It’s not too early to get in first tracks on a handful of ski trail systems around the Kenai Peninsula. Already, skiers and trail-groomers like Chad Arthur are heading out on the Tsalteshi Trails, in Soldotna.
“We’ve been out rolling and compacting trails,” Arthur said from the trails Friday afternoon.
He said he’s already seen a lot of skiers take advantage of the early snowfall. The single-track at Tsalteshi, too, is ready for riders. Starting in November, skiers and riders will be able to follow along with a groomed trail tracker on the Tsalteshi website.
Homer’s trails are also getting a first pass. Kenny Daher is a groomer and one of the directors with the Kachemak Nordic Ski Club.
“The Hayfields — which is kind of the more mellow, flatter loop, right off of Olson Mountain Road — is all groomed up and in shape for early season skiing in a great way,” he said Friday.
That loop is part of the Lookout Trail system. Daher said the McNeil trails, up East End Road, are at a lower elevation and aren’t quite ready for skiers, yet.
Kenai Parks and Recreation, which maintains trails at the Kenai Golf Course, is waiting for its snowmachines to get serviced before it starts grooming. Parks and Recreation Director Brad Walker said they’ll start grooming this week.
Volunteers with trailsystems in Cooper Landing and Seward are still waiting on more flurries to stick and stay before they begin grooming.
David Story, who chairs Cooper Landing’s Trails Committee, said he’s excited to have access to the ski trails at the Devil’s Creek Trailhead again this winter, with the Russian River Campground closed for construction. The Cooper Landing Community Club got a grant last year to add a roller-compactor to its small fleet of grooming equipment.
The Caribou Hills Cabin Hoppers, in Ninilchik, are also waiting on more snow.
Rick Bailey is president and grooming coordinator for the group, which maintains 130 miles of snowmachine trails in the Caribou Hills. He said their trails need more snow than ski trails before they can start grooming.

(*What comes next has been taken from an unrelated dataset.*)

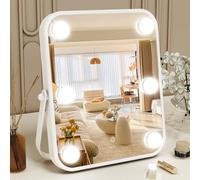 ROLOVE Vanity Mirror with Lights, Hollywood Makeup Mirror with Light, 10"x12" Lighted Desktop Makeup Mirror with 6 Dimmable LED Bulbs, Cosmetic Makeup Mirror with Stand, Smart Touch Control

“Typically, ski trails are groomed hiking trails in the summertime and have no motorized traffic,” Bailey said. “The trails that we groom are more natural terrain.”
He said he’s hoping there will be more snow come November.
“We got one machine ready to go and we’re in the process of servicing another right now,” Bailey said. “And hopefully in the next week or two, we’ll be all cleaned up and ready to go. Just waiting on some snow.”
Over on the northern peninsula, the Nikiski Community Park is entering its third year of grooming ski trails. The Nikiski Community Council maintains two and a half miles of groomed trails at the park, off Hedberg Drive.
Groomer Gabe Lavigueur said he’s hoping to add an additional mile-plus to the route, which extends from Hedberg Lake to the bluff.
“This winter, we plan on expanding off of the multi-use trails,” he said. “Anyone is able to use them — you can walk on them, walk your dogs, ride your fat-tire bike or cross-country ski.” (Just no motorized vehicles, he noted.)
Lavigueur said he’s planning on grooming the trials Monday evening and with each new snowfall this winter.
At this early point in the season, Daher, in Homer, said any amount of skiing is a bonus.
“We’re looking forward to a great season that’s starting really early,” he said. “Happy skiing!”
More snow is in the forecast for Kenai beginning Wednesday.